===== Data in this exercise =====

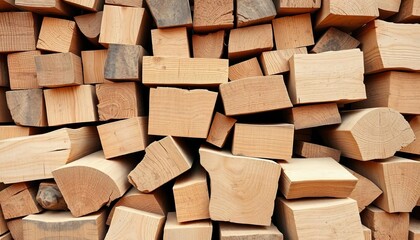 Close-up of stacked and scattered natural wood blocks, showing varied grain and texture,  carpentry,  minimalist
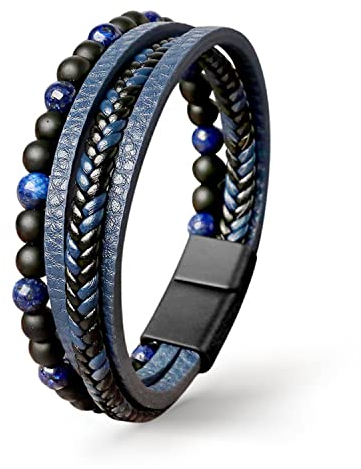 UNIQAL | Echtleder Armband Herren mit Natursteinen FANCY Mens nature stone Bracelet | Edelstahl, Männer | Etui Box Gratis (BLAU LAPIS LAZULI, 21)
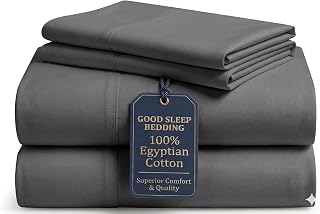 GoodSleep Company 1000 Thread Count Egyptian Cotton 4 Piece Sheet Set Queen Size Dark Grey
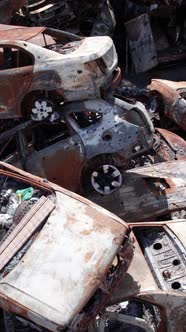 Vertical Video of Wardestroyed Cars in Ukraine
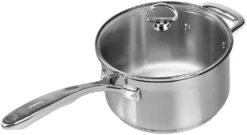 Chantal 21 Steel Induction Saucepan W/ Glass Lid - 3.5 Quart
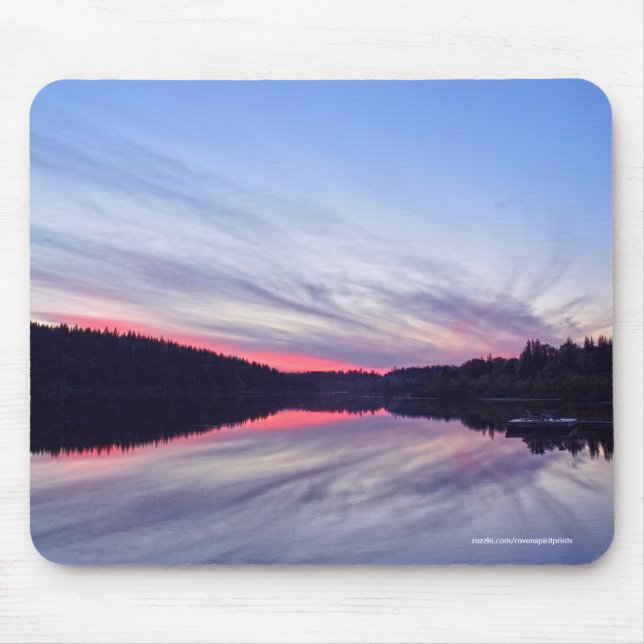 Beautiful Wilderness Sunset over Lake Photo Mouse Mat (Front)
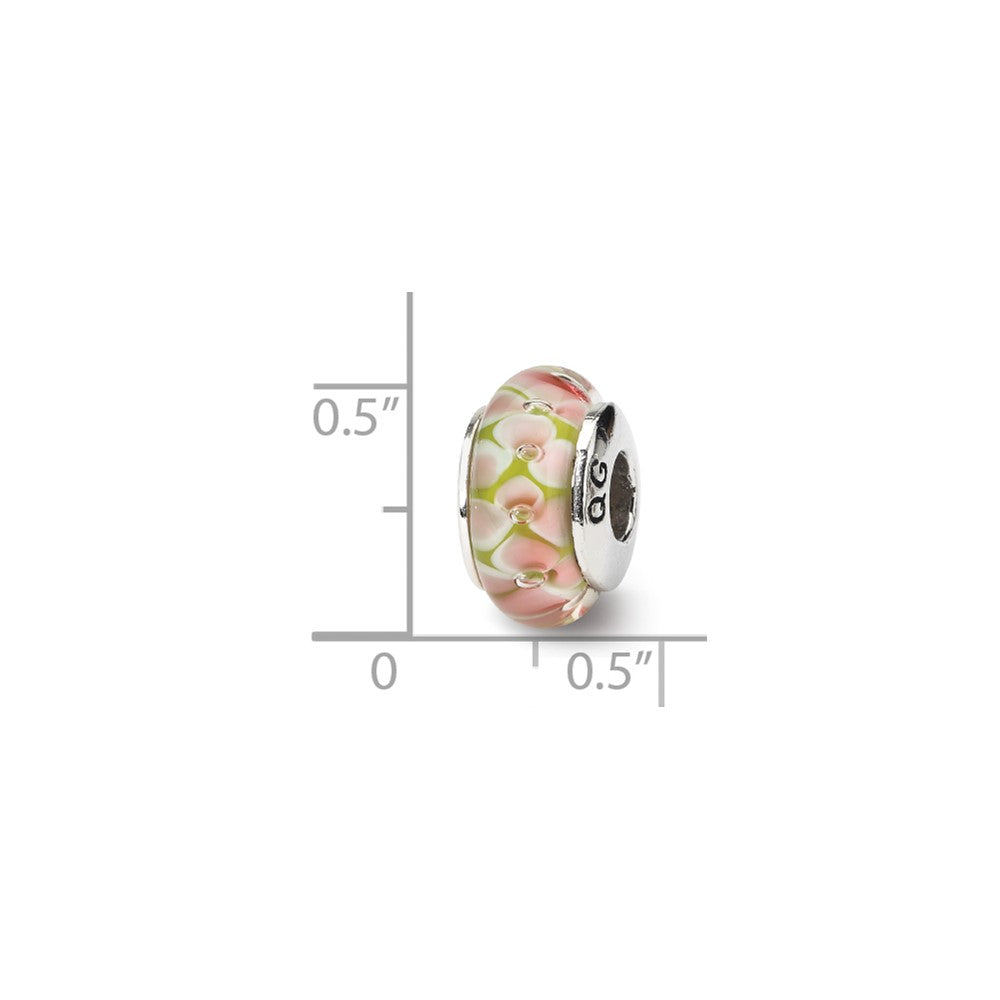 Sterling Silver Reflections Pink Floral Hand-blown Glass Bead
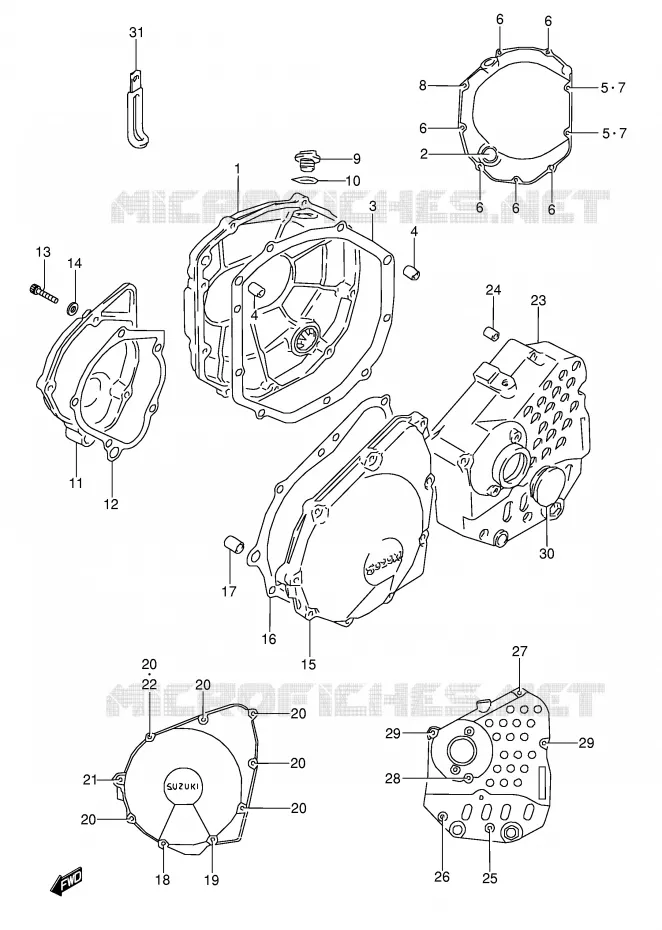CRANKCASE COVER Suzuki MOTO 600 GSX-F 1993  GSX600FP(E2)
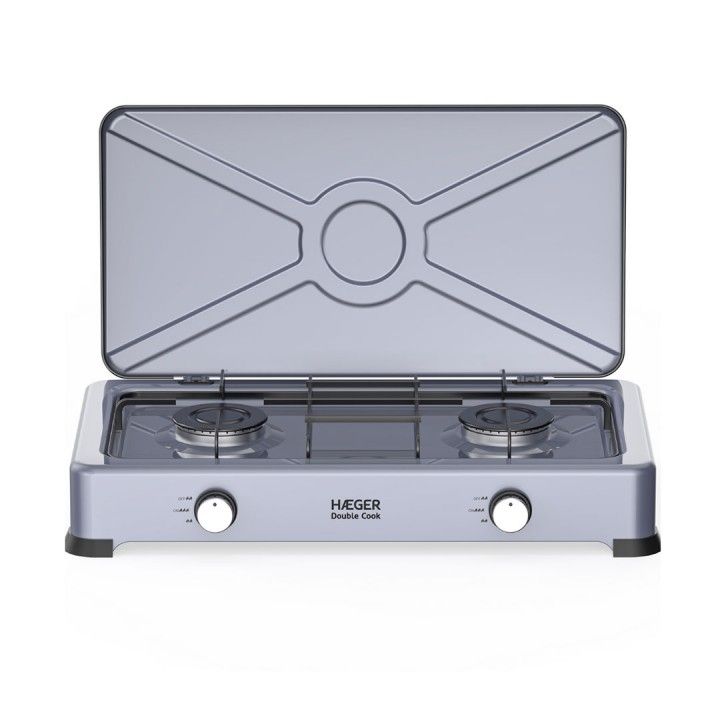 HAEGER FOGAREIRO GAS 2 BICOS 70 E 80MM DOUBLE COOK CINZA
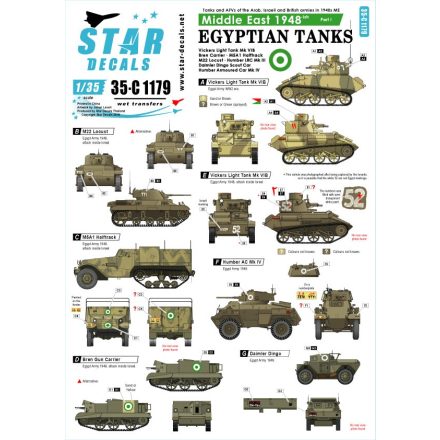 Star Decals Middle East 1948(ish) # 1. Egyptian Tanks matrica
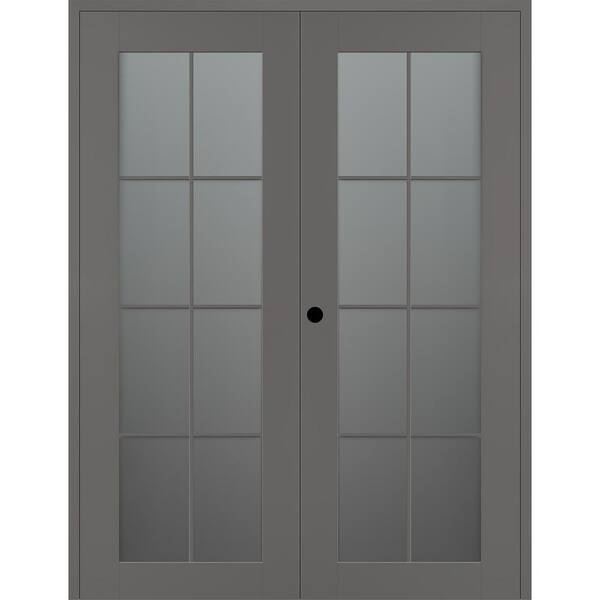 Belldinni Vona 8-Lite 48 in. x 84 in. Right Active 8-Lite Frosted Glass Gray Matte Wood Composite Double Prehung Interior Door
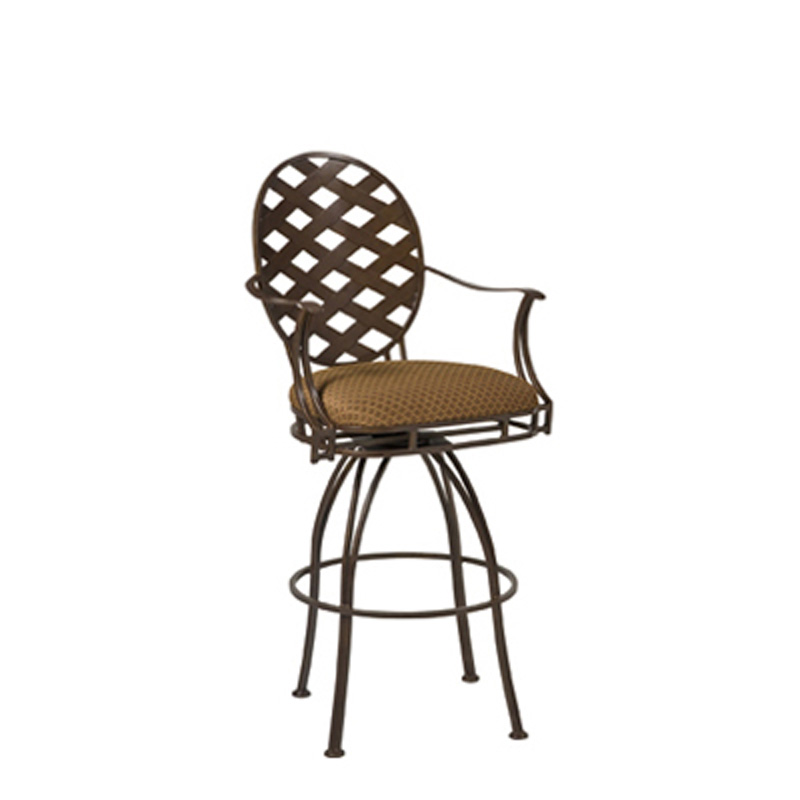 Woodard 490268 Bistro Collections StrattonSwivel Bar Stool - Attached Cushion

=====

Work required >>
Could the data be reproduced exactly, with the pictures omitted?

Your solution >>
 Close-up of stacked and scattered natural wood blocks, showing varied grain and texture,  carpentry,  minimalist
 UNIQAL | Echtleder Armband Herren mit Natursteinen FANCY Mens nature stone Bracelet | Edelstahl, Männer | Etui Box Gratis (BLAU LAPIS LAZULI, 21)
 GoodSleep Company 1000 Thread Count Egyptian Cotton 4 Piece Sheet Set Queen Size Dark Grey
 Vertical Video of Wardestroyed Cars in Ukraine
 Chantal 21 Steel Induction Saucepan W/ Glass Lid - 3.5 Quart
 Beautiful Wilderness Sunset over Lake Photo Mouse Mat (Front)
 Sterling Silver Reflections Pink Floral Hand-blown Glass Bead
CRANKCASE COVER Suzuki MOTO 600 GSX-F 1993  GSX600FP(E2)
 HAEGER FOGAREIRO GAS 2 BICOS 70 E 80MM DOUBLE COOK CINZA
 Star Decals Middle East 1948(ish) # 1. Egyptian Tanks matrica
 Belldinni Vona 8-Lite 48 in. x 84 in. Right Active 8-Lite Frosted Glass Gray Matte Wood Composite Double Prehung Interior Door
 Woodard 490268 Bistro Collections StrattonSwivel Bar Stool - Attached Cushion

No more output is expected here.